[[ DATA SECTION open ]]
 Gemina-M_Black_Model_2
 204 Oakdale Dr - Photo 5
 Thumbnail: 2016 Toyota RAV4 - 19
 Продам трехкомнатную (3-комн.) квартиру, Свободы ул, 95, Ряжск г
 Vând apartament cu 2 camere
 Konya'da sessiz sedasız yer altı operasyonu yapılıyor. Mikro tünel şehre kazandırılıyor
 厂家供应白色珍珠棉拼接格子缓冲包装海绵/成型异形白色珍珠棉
[[ DATA SECTION closed ]]
WHAT YOU WILL DO. Print every record exactly, so that each word matches what is written above.

RESPONSE.
 Gemina-M_Black_Model_2
 204 Oakdale Dr - Photo 5
 Thumbnail: 2016 Toyota RAV4 - 19
 Продам трехкомнатную (3-комн.) квартиру, Свободы ул, 95, Ряжск г
 Vând apartament cu 2 camere
 Konya'da sessiz sedasız yer altı operasyonu yapılıyor. Mikro tünel şehre kazandırılıyor
 厂家供应白色珍珠棉拼接格子缓冲包装海绵/成型异形白色珍珠棉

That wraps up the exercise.